There is much about biblical eldership that challenges churchgoing people today, especially the high standards and enduring emphasis on qualified leadership. Yet nothing is more objectionable in the minds of many contemporary Christians than the biblical concept of an all-male eldership.
The most explicit Bible passages relating directly to the leadership of men in the church are 1 Timothy 2:11-15; 1 Corinthians 14:34-36; and 1 Corinthians 11:2-16.
The Bible clearly reveals that both men and women are created equal in the image of God. They stand equal in terms of human dignity, equal in sinfulness, and are equally in need of a Savior. Men and women alike can find forgiveness and redemption through the same gospel—the gospel of salvation through the atoning work of Jesus Christ, who died for our sins. Furthermore, we believe that men and women who are born again are gifted for service in the church. They have equal access to the gifts of the Holy Spirit.
Nevertheless, the Bible also reveals a pattern of distinction between the roles of men and women. Men and women are equal before God, but they have different roles, or different functions, at home and in the church. Distinctions in masculine and feminine roles are ordained by God as part of the created order, and should find an echo in every human heart (Gen 2:18, 21-24; 1 Cor 11:7-9; 1 Tim 2:12-14). This pattern begins in the story of the creation of Adam and Eve in Genesis chapter 2, and continues throughout the Old and New Testaments.
Should that pattern continue? Or should male eldership be abolished? Is male leadership simply cultural, something that is now relegated to a bygone era?
We don’t think so. Here at The Gathering, we believe the Bible reveals that a pattern of male eldership in the church and male servant-leadership in the home is permanent, and not simply a cultural phenomenon.
Our church will continue to pursue women to be involved in ministry and to exercise their spiritual giftedness with passion in every area of our church. We will follow their spiritual growth with interest, and track with them as they experience the leading of the Holy Spirit, and work with them on finding their sweet spot of ministry in our church and in the community where they live.
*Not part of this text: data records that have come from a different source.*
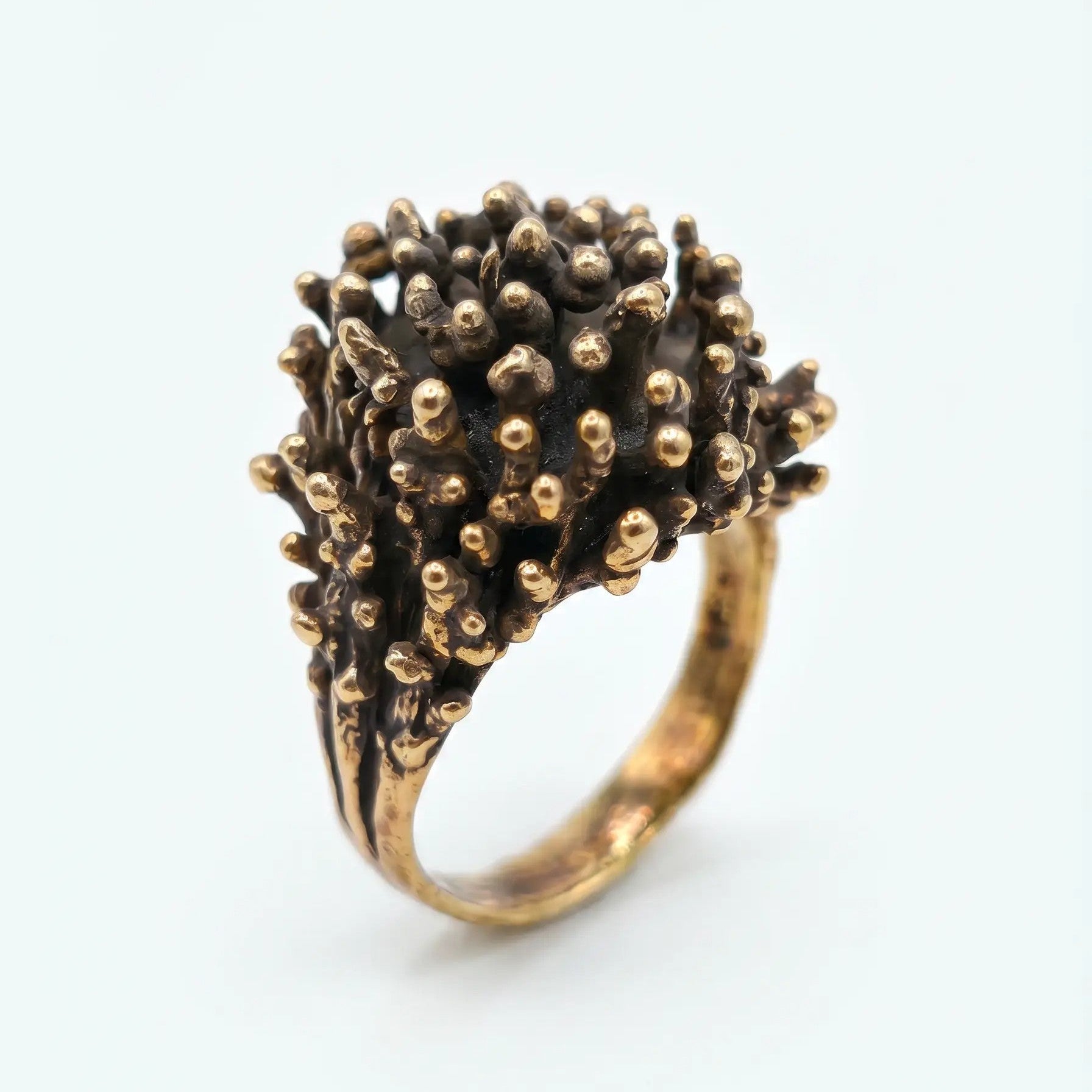 Anello artigianale in bronzo con design organico a rilievo, dettaglio di texture rugosa con punte arrotondate dorate, vista di tre quarti su sfondo bianco.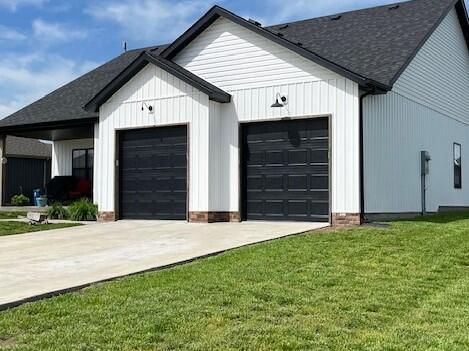 garage with driveway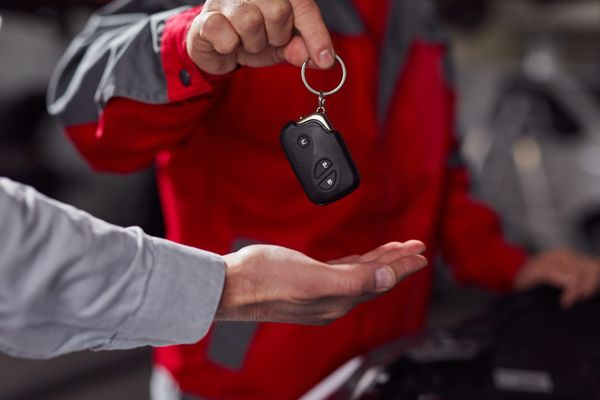 Our Mechanic Giving the Keys of a Fixed Car to a Customer - Green Tech Garage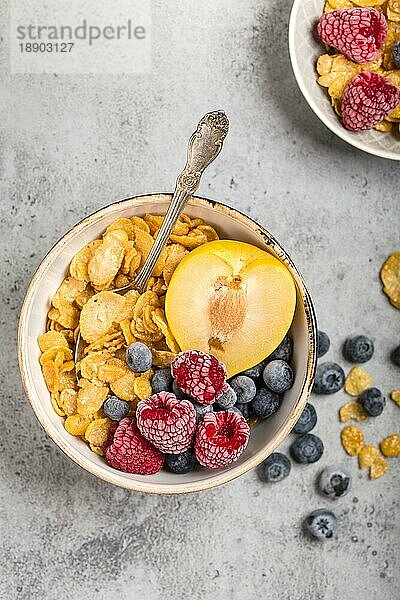 Gesundes Frühstück Schüssel  Müsli  frisches Obst  Beeren auf dem Tisch. Saubere Ernährung  Diät-Konzept. Ansicht von oben. Gesunde Schüssel mit Müsli  Himbeeren  Blaubeeren  Pflaume. Müsli. Vegetarisch. Selektiver Fokus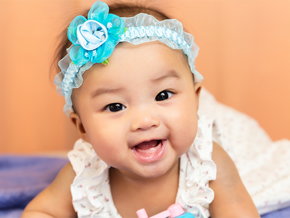 A smiling Asian little girl on her tummy, showing off baby’s first tooth A smiling Asian little girl on her tummy, showing off baby’s first tooth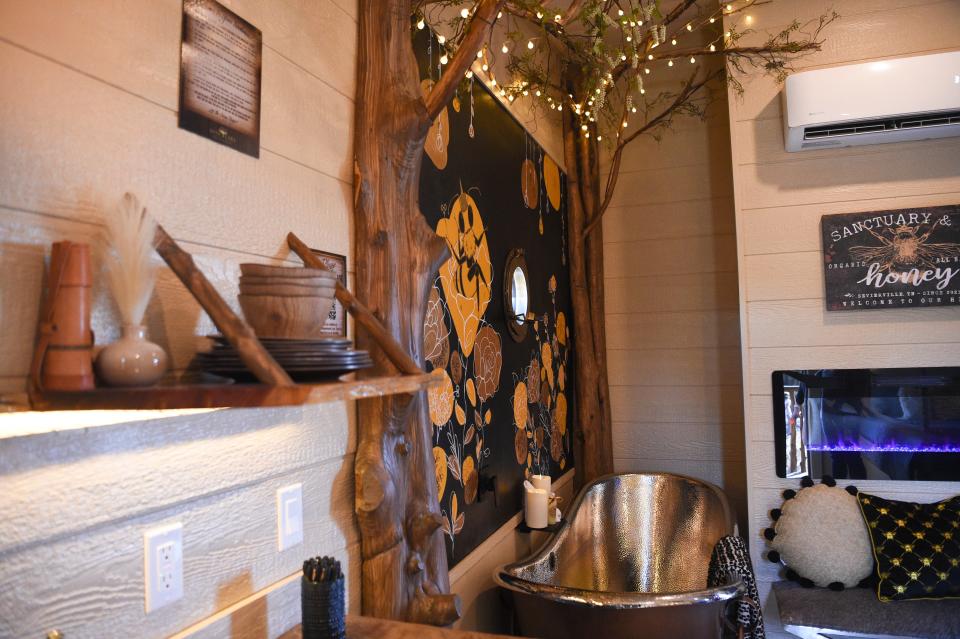 Each treehouse at the newly opened Sanctuary Treehouse Resort has its own special features and fixtures, such as this tub and fireplace.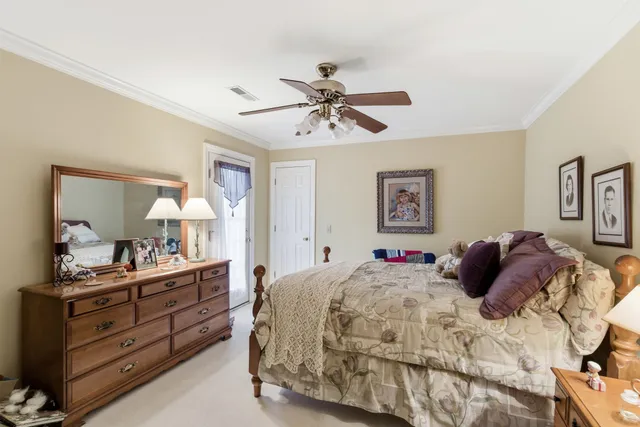 an aerial view of a house with a lake view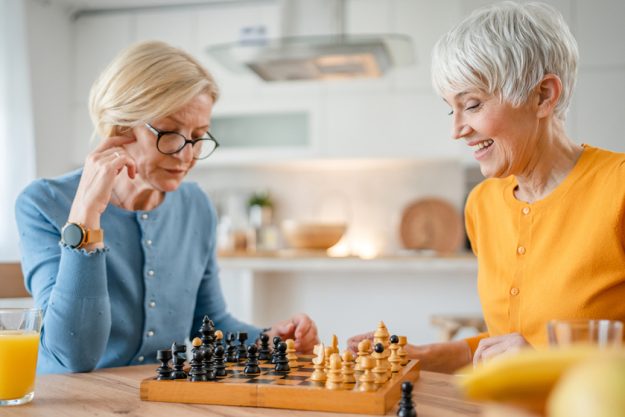 two women mature senior females sisters play chess board game at two women mature senior females sisters play chess board game at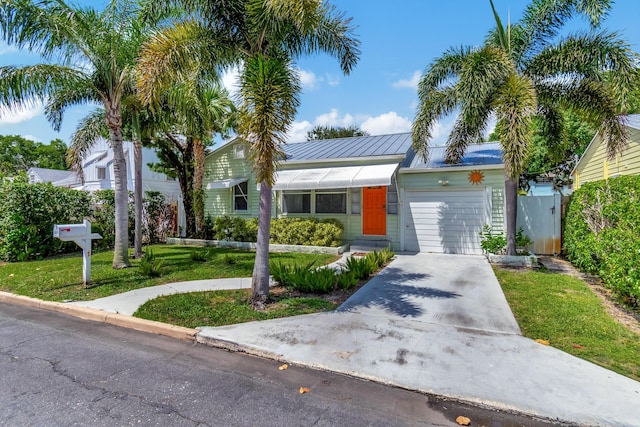 view of front of home featuring metal roof, an attached garage, concrete driveway, a front lawn, and a standing seam roof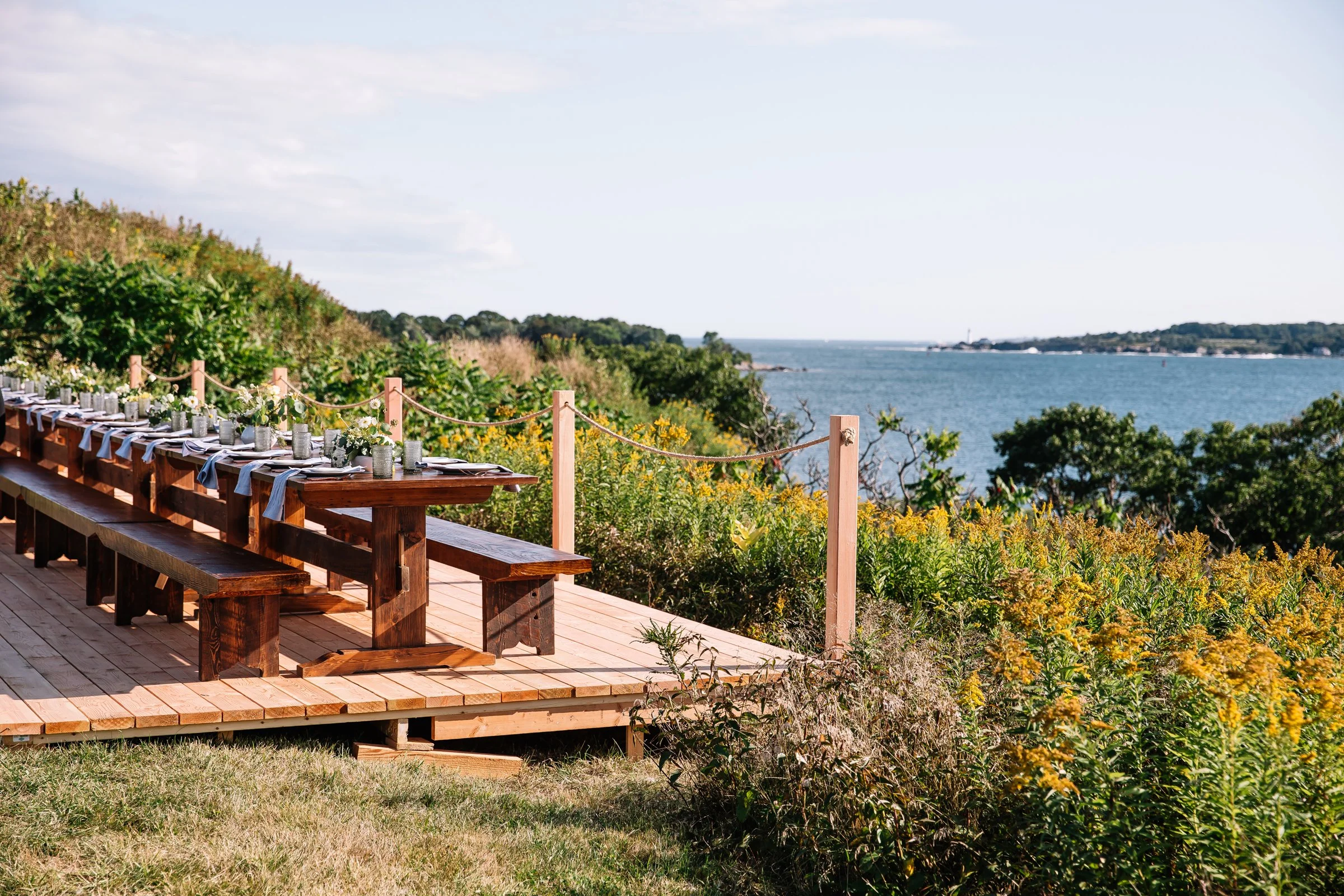 Outdoor wooden dining area with a long table set with plates and glasses, overlooking a scenic view of the ocean and lush greenery, on a sunny day.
Leadership positions in our church are open to women, with one exception.
We will invite women – no, we will pursue women – to serve as deaconesses, teach children, serve on the guest services team, help with hospitality, work with finances, serve as ushers, tellers, and prayer partners, cook meals for the care team, distribute benevolence, share their faith with friends and neighbours, minister to the sick, visit in the hospital, fight against abortion, fight pornography, write articles for publication, help with literacy and the disabled, aid the poor, visit the prisons, counsel and pray with other women, support missionaries, lead us in prayer, share a testimony, use artistic gifts to enhance worship, sing on the worship team, play an instrument, and so on.
There are so many things women can do, and only one they can’t! We will pursue women in this church to fill many different ministry positions, except for the office of elder and the public teaching of the Word of God when the church is gathered.